Introduction to the Actor Model with Akka
By the time I took the Principles of Reactive Programming course on Coursera last spring, I was already a fan of Scala and concurrent programming, so it was no big surprise that I fell in love with the actor model the moment I heard about it during the course. I’ve been wanting to write about it ever since, but have only recently had the time to actually do it.
Let this be the first in a series of articles where I explore the actor model; what it is, how it works, where it can help, and how some of its use-cases may be implemented. I’ll first describe what the actor model is and how Akka implements it, then move on to simple examples like hot-or-cold games, and finally end up in client/server applications such as multiplayer card or tile games.
Disclaimer: This post assumes that you’re at least somewhat familiar with Scala.
Next article is up! Read it over at Actor-based Number Guessing Game in Akka
The actor model is a concurrency model based on a number of principles first designed by Carl Hewitt et al. and published in 1973 under an article named “A Universal Modular ACTOR Formalism for Artificial Intelligence“. It relies on individual processing units that can communicate with the oustide world (including other actors) through asynchronous messaging, and was perhaps first implemented commercially by Ericsson in the late 80’s as the basis of the concurrent programming language Erlang. The model has recently gained a mainstream attention thanks to the rising popularity of Scala and Akka, and the ever-increasing need for more concurrent programs.
The fundamental building block of the actor model, actor, is a computational entity that has a state that’s completely sealed off from the outside world, a behaviour that it change at will, some kind of address that other actors can use to send messages to, and a mailbox to store those messages (along with addresses to their senders), in the same order as they arrive.

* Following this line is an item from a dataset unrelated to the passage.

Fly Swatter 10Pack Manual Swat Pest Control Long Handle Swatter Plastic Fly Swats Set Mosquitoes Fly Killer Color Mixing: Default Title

Actors are hierarchical, meaning that they can form parent-child relationships. This helps model the domain more easily and allows for a more fault-tolerant application by propagating errors upwards or downwards the hierarchy to shut down the whole system or the failing actor itself (therefore granting high availability out-of-the-box), depending on the severity of the failure. Also, even in the event of such a parent-child relationship, the internal state of each individual actor is completely hidden from each other, so there’s a fair amount of encapsulation involved.
These qualities make it almost too obvious that they’re modeled after us, the people. We know each other by name, we only share what we choose to (even with our parents or children), we communicate with each other by talking (and don’t necessarily have to wait idly until the other answers), and can form some kind of hierarchy (having children, becoming managers or leaders, etc.).

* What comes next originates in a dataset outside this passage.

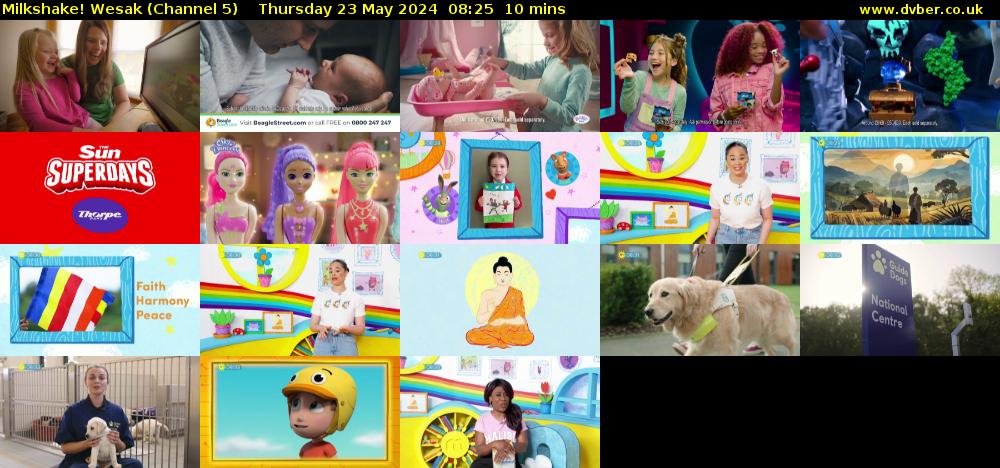 Milkshake! Wesak (Channel 5) Thursday 23 May 2024 08:25 - 08:35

What makes actors so great at working concurrently is that while they send and receive messages asynchronously, they process them one by one, without losing their order. This ensures that the reads from and writes to their internal states are always sequential (assuming, of course, a proper care is taken for asynchronous state I/O) and in order, so the integrity of the state is always intact.

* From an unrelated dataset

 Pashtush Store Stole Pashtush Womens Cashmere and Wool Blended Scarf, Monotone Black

The way an actor keeps its internal state completely hidden is that it doesn’t have any public field, property or methods (since they’re potentially compromising). Even the actor instance itself is unreachable, otherwise the encapsulation rule would be broken, since different instances of a certain class would have access to each others’ fields or properties, even if they were private.
For that reason, everything about an actor is private and hidden from others but their own, and some kind of address or reference that acts as their messaging gateways. These references receive messages of any type and context, and relay them to their associated actors, which may or may not respond to. This technique grants the actor a complete freedom to choose what to do and what to share, and is called message-passing. It’s the opposite to the more “traditional” way of communicating with objects, method invocation, where an entity outside of the object is able to access its fields and invoke its methods.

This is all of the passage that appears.